The Environmental Protection Agency’s proposal to regulate some industrial discharges of the toxic “forever chemicals” known as PFAS into our drinking water falls short of what’s needed to turn off the tap of PFAS pollution from companies.
Industrial discharges of PFAS have caused significant contamination in places like the Cape Fear River Basin in North Carolina, Parkersburg, W.V., Hoosick Falls, N.Y., and Belmont, Mich. But the problem is likely widespread across the U.S.
Despite the nationwide problem of PFAS contamination, when the EPA released its latest plan to regulate these industrial discharges on September 8, many key sectors were not included.
The draft plan, called the "Preliminary Effluent Guidelines Program Plan 15," identifies actions the EPA plans to take to regulate wastewater pollution. As part of the plan, the agency announced it will craft a rule to limit PFAS discharges from some industries.
The rule would affect as few as 14 facilities that make PFAS chemicals or mixtures of PFAS chemicals. The EPA also announced it will update metal-finishing regulations to limit PFAS discharges from approximately 670 chrome-plating facilities.
But the plan falls short of what’s needed to truly curb PFAS water pollution. It does not include facilities that likely use PFAS in other applications – like paper mills, tanneries, textile manufacturers, plastics molders and metal finishers other than chrome platers.
The EPA also failed to set deadlines for completing the rulemakings.
PFAS build up in our bodies and never break down in the environment. Even very small doses of PFAS have been linked to cancer and harm to the reproductive and immune systems. Regulating industrial discharges of PFAS is one of the most important actions the EPA could take to stop the flow of PFAS into drinking water.
Many industrial dischargers do not have to monitor or report for PFAS, or they take advantage of reporting loopholes, so it’s hard to know the extent of the problem.

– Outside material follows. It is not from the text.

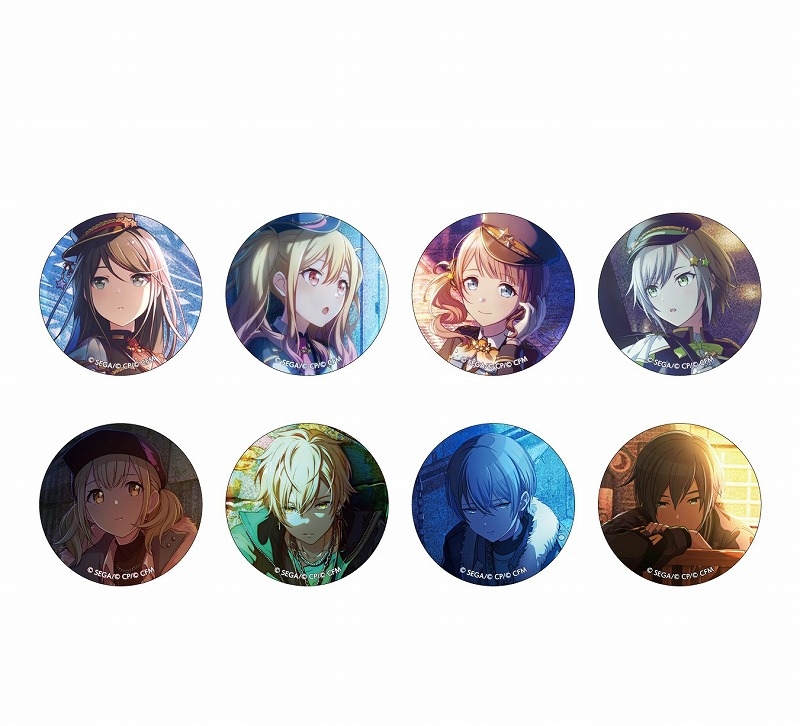 プロジェクトセカイ カラフルステージ！ feat. 初音ミク グリッター缶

The Environmental Working Group has used EPA enforcement data to identify nearly 30,000 potential industrial dischargers.
EPA Administrator Michael Regan knows firsthand the harm that can come from industrial discharges of PFAS. Before taking the helm at the EPA, Regan headed up the North Carolina Department of Environmental Quality.
The state is home to the Chemours Fayetteville Works Facility, which has produced PFAS and released them into the Cape Fear River watershed, which provides drinking water for about 1.5 million North Carolina residents, since at least the 1980s.
For decades, Chemours and its predecessor DuPont did not disclose the releases to the EPA or downstream communities. As a result, the scope of the contamination was not discovered until tests uncovered high levels of GenX and other PFAS chemicals in 2016.
Under Regan’s leadership, North Carolina sued Chemours in 2017 and negotiated to reduce the ongoing discharges by 99 percent.
But the Cape Fear River basin also likely gets PFAS discharges from industrial users like airports and textile manufacturers.
The EPA’s draft plan would not cover any of those releases.
Some lawmakers want to force the EPA to take broader action on PFAS.
The Clean Water Standards for PFAS Act, introduced by Rep. Chris Pappas (D-N.H.) and Sen. Kirsten Gillibrand (D-N.Y.), would require the agency to develop wastewater limits for PFAS in nine different industry categories within four years.
A version of the Clean Water Standards for PFAS Act was included in the PFAS Action Act that cleared the House in July and added to the House-passed version of the $715 million water and transportation infrastructure bill known as the INVEST Act.
Congress should quickly pass this measure. But even if it doesn’t, the EPA should act more aggressively to reduce industrial discharges of PFAS by committing to setting pollution limit deadlines and regulating more industry sectors.